Well, all you Vizsla owners you have kept a secret well, for a very long time.

As someone who has owned and been over joyed with owning three springer spaniels and a cocker spaniel over the last 26 years, I came across a true Hungarian Vizsla who had been brought to the UK age 15 months by a Hungarian family at great expense, who then could not keep her in rented accommodation.

I saw her on a pet website, went to see her with the intention of having a look at her, then coming home discussing me with my wife about having her. Instead I took one look and bought her, wife just about now talking to me.

All our dogs have and do live in a fully fitted out luxury kennel and run at our rural home.

Lola our new Vizsla and Meg our eight year old springer hit it off. They sleep and sit permanently always less than a metre apart, with the free run of an extensive garden.

Lola the Vizsla has amazed me even by the standards of having owned several very bright Springer Spaniel gundog's with serious hunting lineage.

Her initial response to all training from sitting at a distance, retrieving and heel work on and off the lead has been a steadfast stubbornness to do initially. Followed by, within hours and with a gentle but insistent approach an immediate understanding and compliance.

A brighter more biddable dog I have never met, all to gentle, fair and positive re-enforcement.

Clearly Lola has been a city dog and has adapted to the countryside with great joy and inquisitiveness.

There is work still to do as recall is done with great gusto, then concentration is broken in this new world and all forgotten. Even this is reassuring that Lola is a Vizsla, still a puppy and has her instinct is in tact. 

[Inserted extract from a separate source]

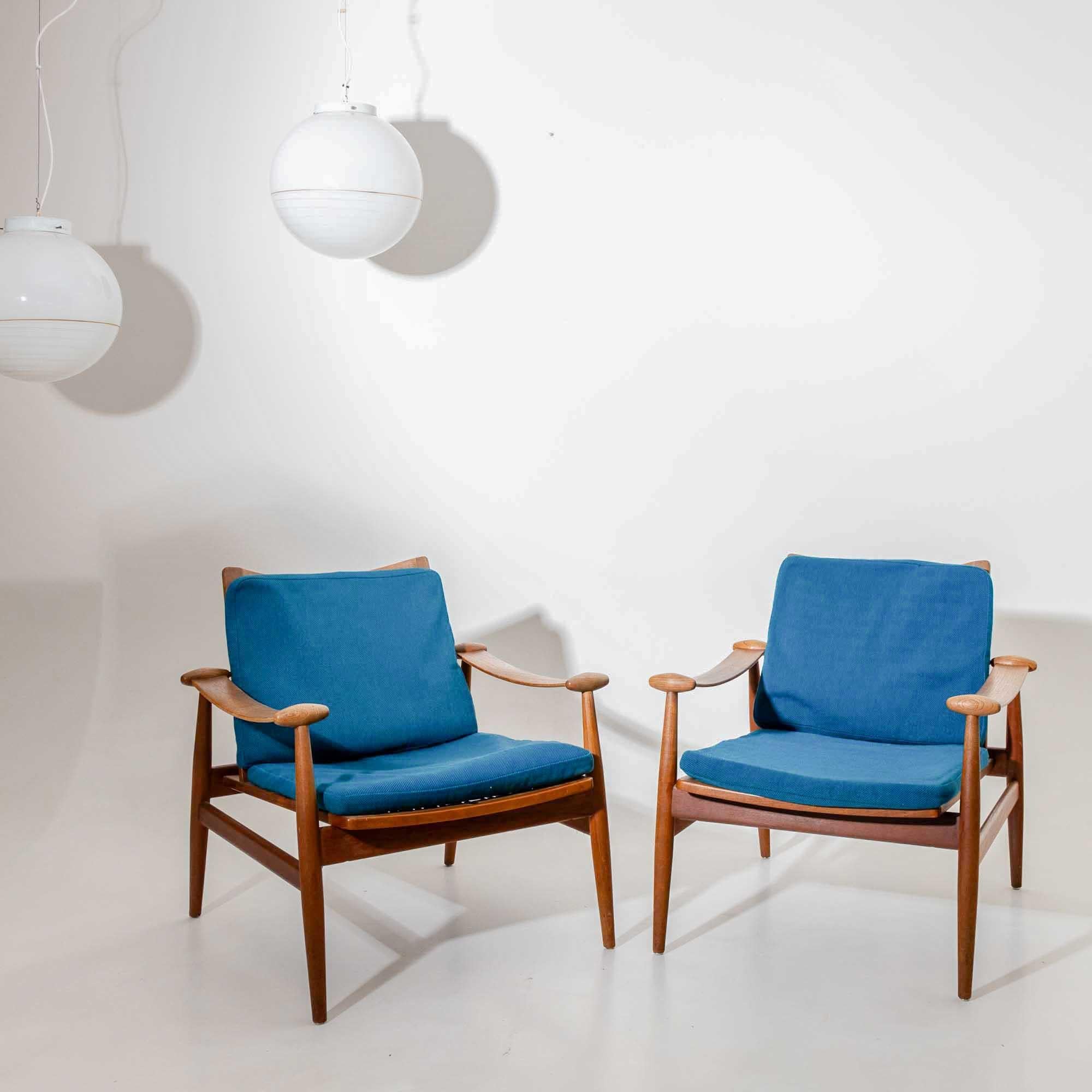 Modern Pair of Spade Chairs by Finn Juhl for France & Son, Denmark 1960s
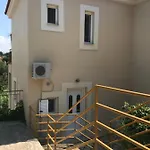 Maisonette Sea View , * Finikounta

Overall an incredible dog whose eyes never leave me (apart from that occasional pesky recall). 

You Vizsla owners are guilty as charged with keeping the best kept secret....... The joy of a being a Vizsla owner.

Pictures on Twitter @vizslalola


----------



## harrigab (Aug 21, 2011)

welcome to the forum Bigacres, hush! from a fellow UK resident haha


----------



## texasred (Jan 29, 2012)

Welcome to the forum.


----------



## einspänner (Sep 8, 2012)

Welcome to the family! And shh, don't tell too many people about them.


----------



## cuddlebuglove (Apr 27, 2014)

Yes, please Welcome. I hope that you will be posting pictures of Lola and Meg too. Is your Springer a Show or Field type?

I have seen the Field on Nat Geo Wild TV here in the States, but the Show, well, I just ADORE those rich, fluffy coats! ;D

Thank you for choosing a Vizsla.


----------